I recently acquired just about the last R.A. Lafferty short story collection that I hadn't read till now, Iron Dreams. I had a bit of trepidation starting it -- would it be up to the standard that I remember Lafferty setting in 900 Grandmothers? Was he ever that good?
Fortunately, Iron Dreams shows that he was indeed that good. Not that every story is a masterpiece; it's a decidedly odd-lot collection, containing the second story he ever wrote (unpublished till now) and also late-career stories from 1992 or thereabouts. But at their best, these stories are whimsical and deep, funny and serious, and with a voice unique in fiction. But what I found that I wasn't expecting was also a real wistfulness that I don't usually associate with Lafferty.

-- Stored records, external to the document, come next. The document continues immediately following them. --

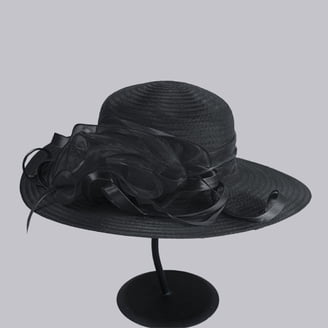 VTG Black Bowler Hat Lot of 4 Fascinator Floral Cloche Wedding Goth Formal Cap IZUS Women Flower Decor Bowler Fedora Hat with Veil Felt  main image 2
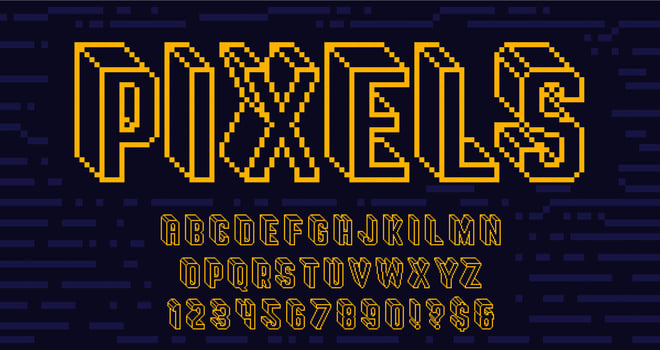 Futuristic wireframe pixel art font. Digital 8 bit alphabet, retro pixelated 3D letters and arcade game numbers set vector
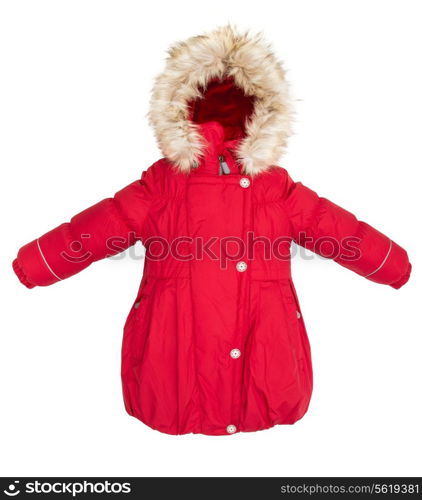 Childrens Women winter jacket isolated on white background.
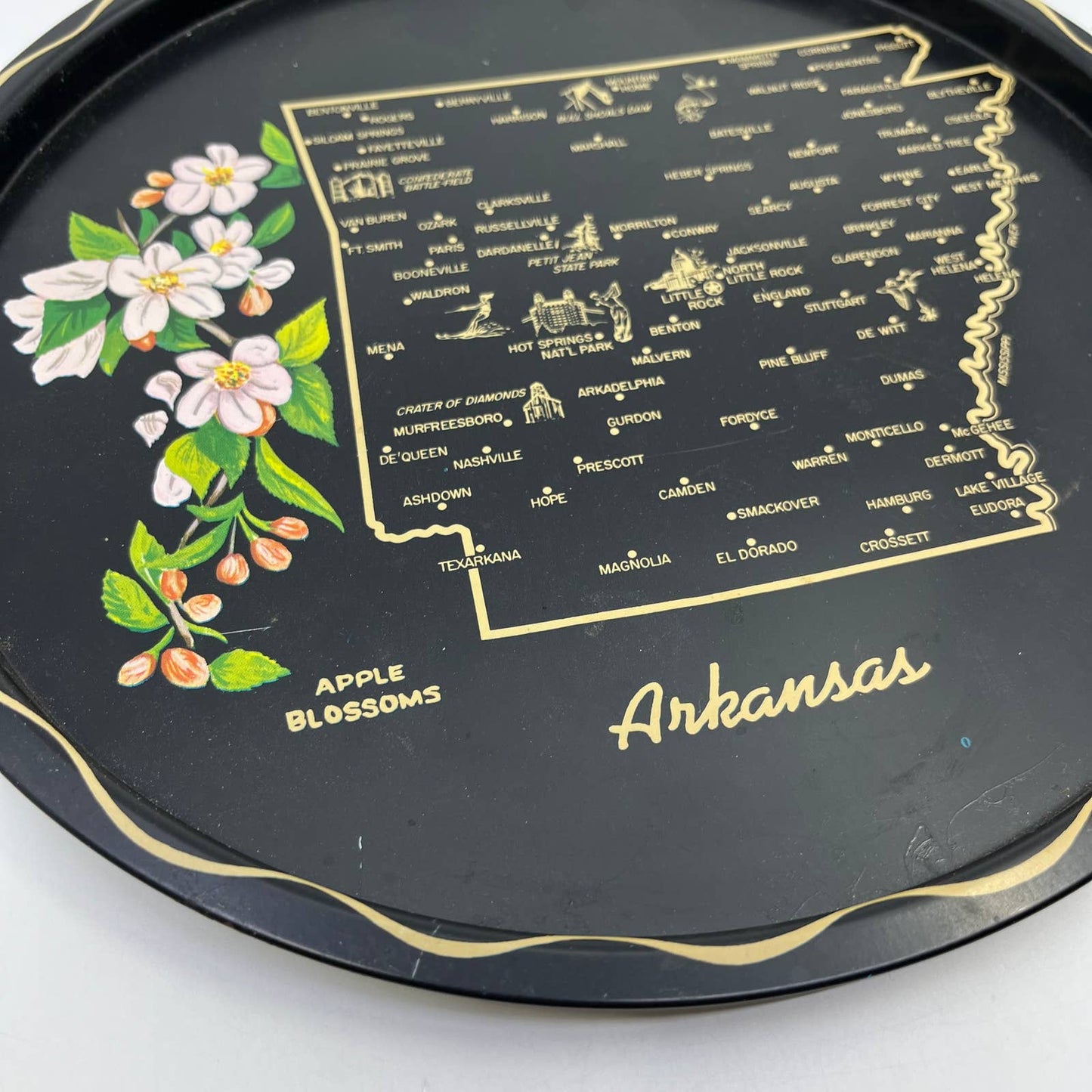 Vintage Black & Gold Metal State Souvenir Plate Tray Arkansas 11” TH2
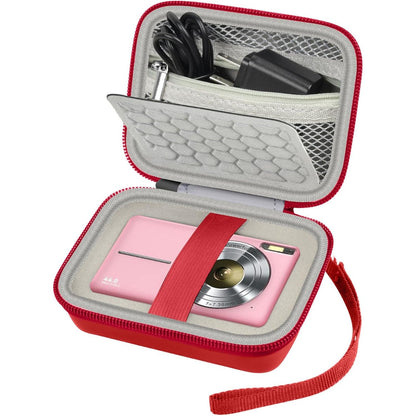 Carrying & Protective Case for Digital Camera, AbergBest 21 Mega Pixels 2.7" LCD Rechargeable HD/Kodak Pixpro/Canon PowerShot ELPH 180/190 / Sony DSCW800 / DSCW830 Cameras for Travel - Red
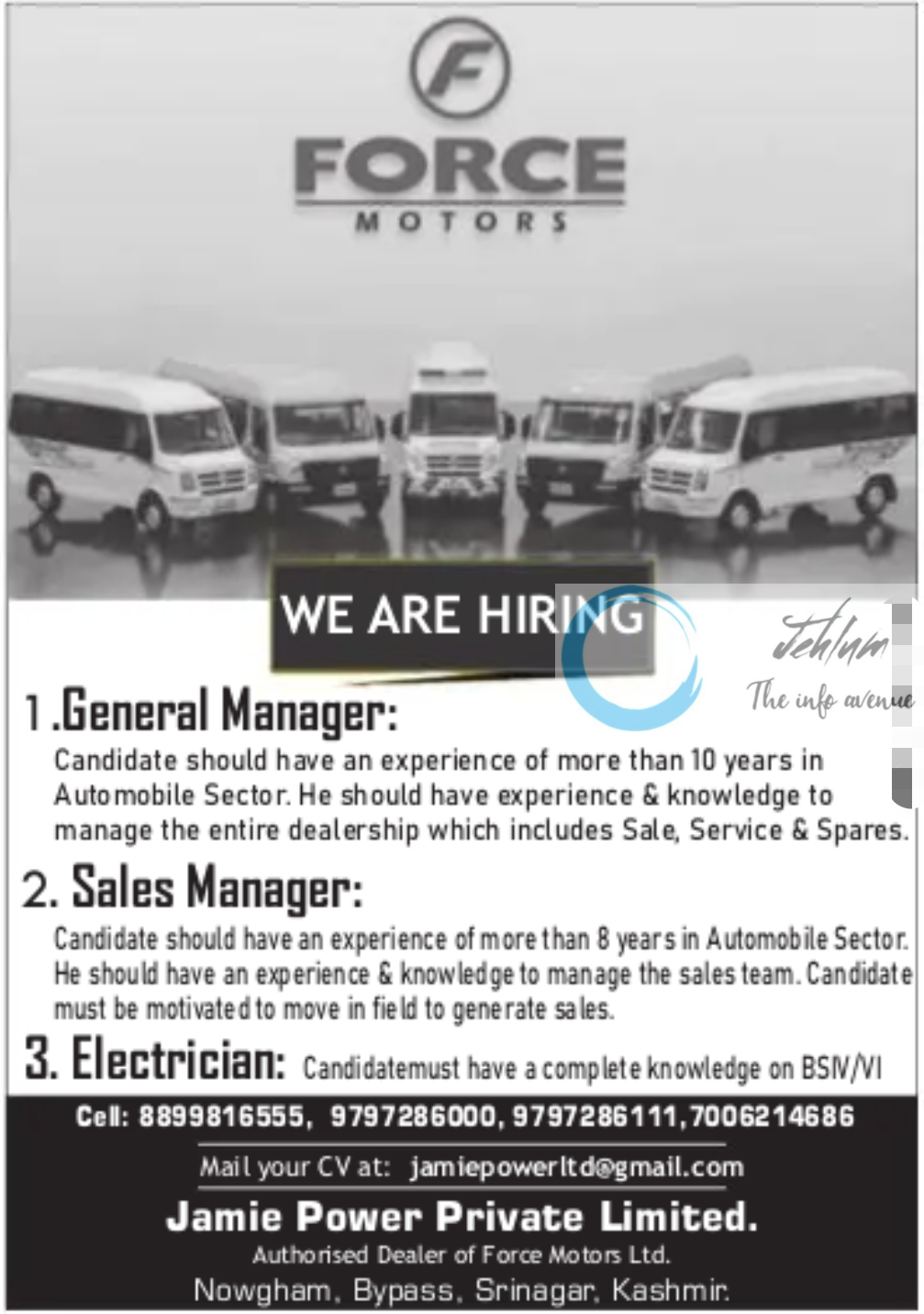 Jamie Power Pvt Ltd Force Motors Srinagar Jobs Openings 2024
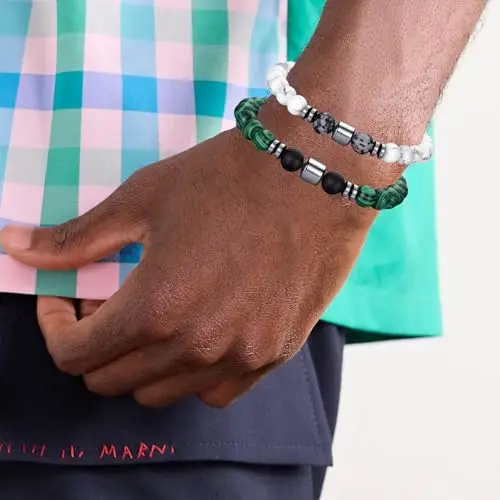 RANKEEF Bracciale Occhio di Tigre per Uomo 8MM Bracciale con Perline in Pietra Naturale Set Braccialetti Elasticizzati miniatura 2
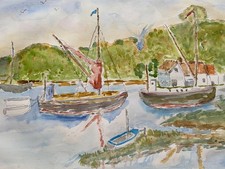 WATERCOLOUR PIN MILL BOATS + VIEWS from SEACROFT  SOUTHWOLD  Helen Brookes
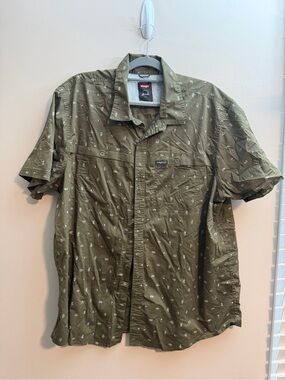 Wrangler Olive Green Short Sleeve Button-Down with White Print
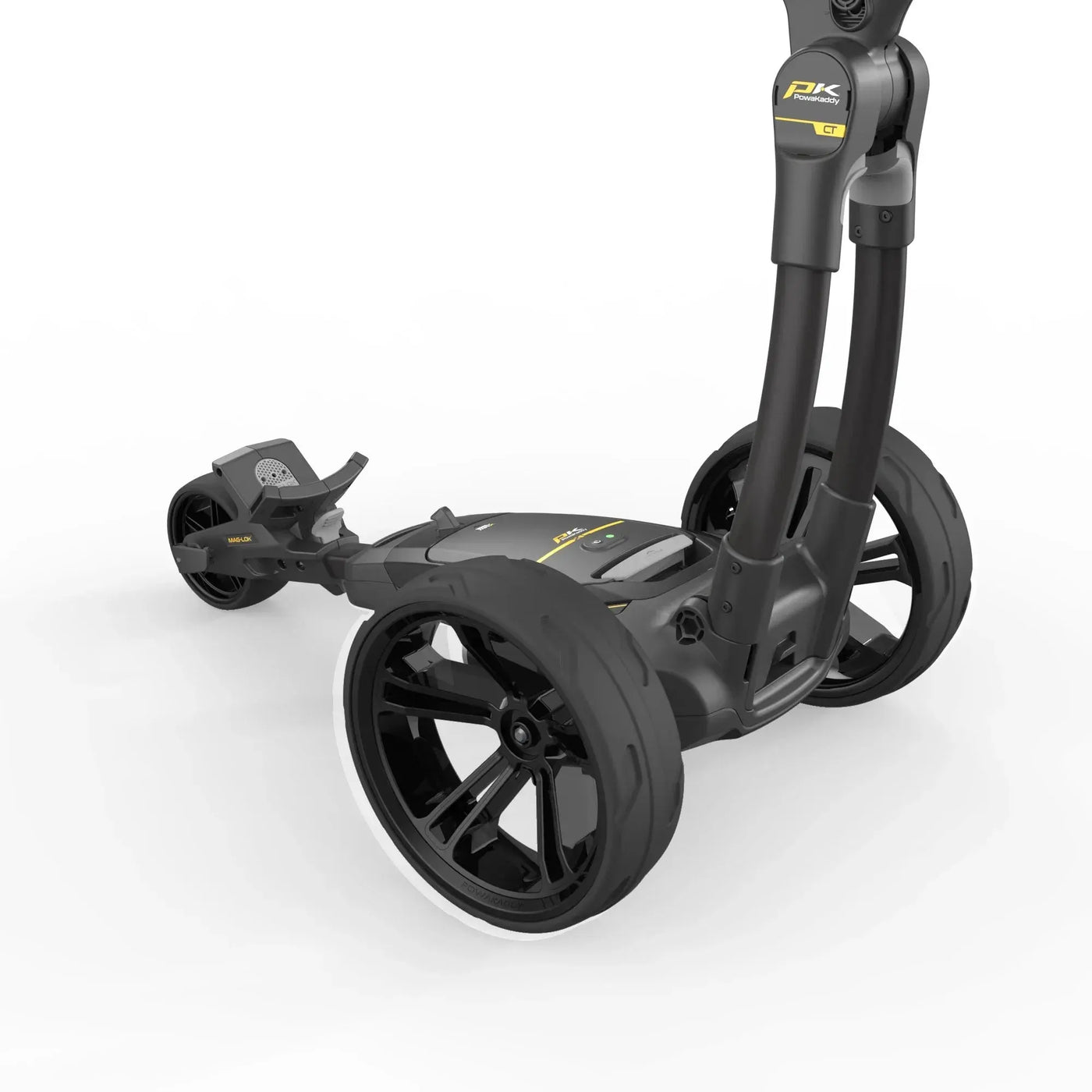 Elektrischer Golf Trolley mit schwarzen Rädern und robustem Gestell auf weißem Hintergrund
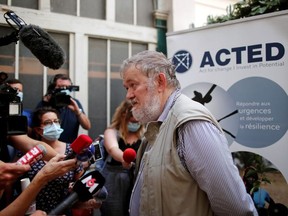 Frederic Roussel, co-founder and development director of ACTED speaks with the media during a news conference at the NGO headquarters in Paris, France, August 10, 2020.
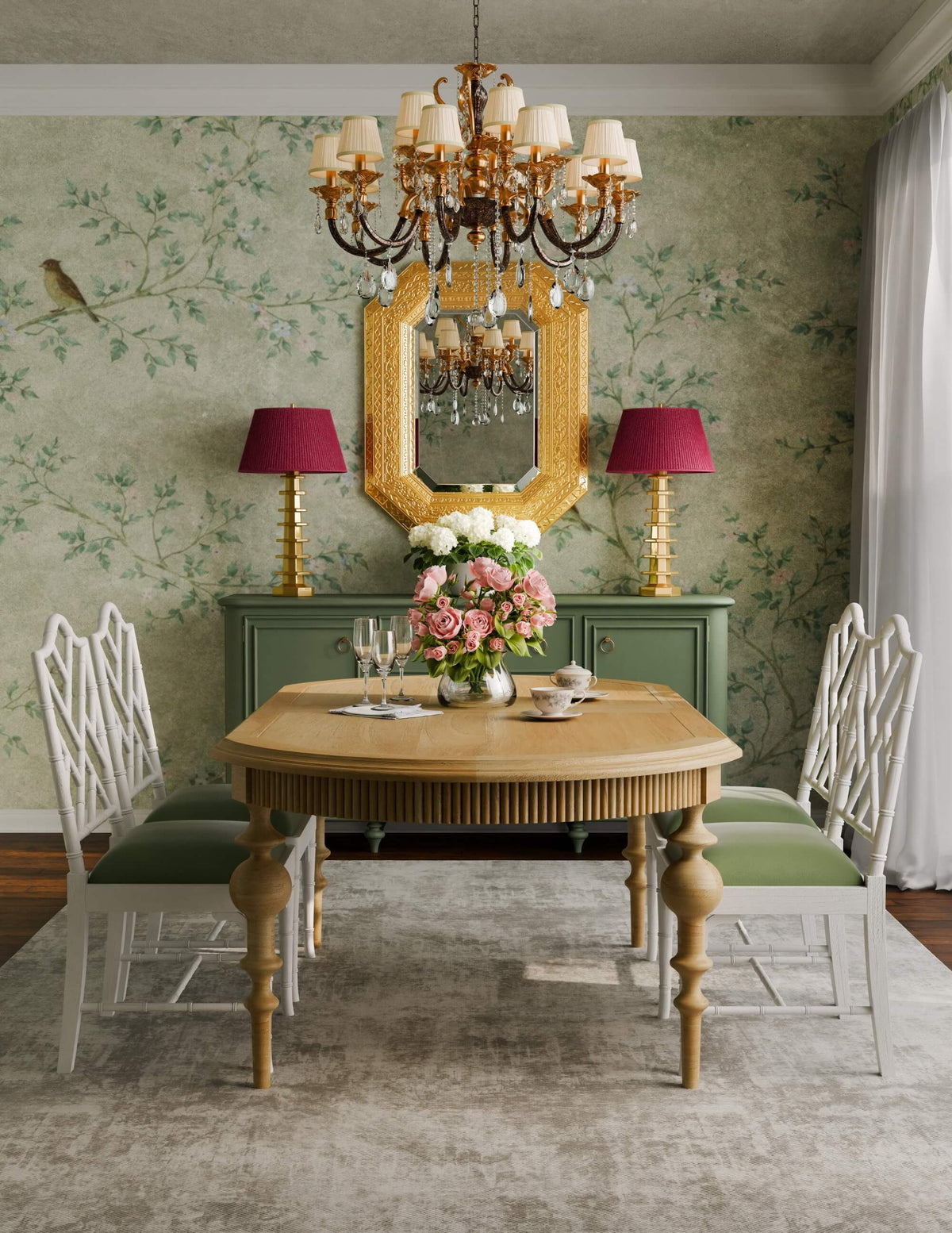 Martinique Bamboo Dining Chair in True White w/ Willow Green Velvet Fabric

The title story is a great example; it's the story of an oread, though in the usual Lafferty fashion we're never actually told that that's what she is. The actual story is hard to describe, as it always is with late Lafferty. But there's an undercurrent of sadness in the way that she can never form an adult attachment. The same current of wistfulness is more obvious in the first story, "You Can't Go Back Again." It's the story of five kids who go to visit a small moon floating just about a canyon in Tulsa. Later, as adults, they go back to find that it's just not as marvellous as it was when they were young. Of course, it's also a commentary in how adults see the world, because as adults they're not impressed with the fact that they're visiting a moon; they can only look back and see that it's not as impressive as they'd thought as kids. (And the moon-yetis are somehow smaller than they seemed back then too).
Overall, the collection has plenty of good works in it, and I'm glad to have finally have had the chance to read it. It's a good showcase for his ability to make stories strange through his unique narrative voice.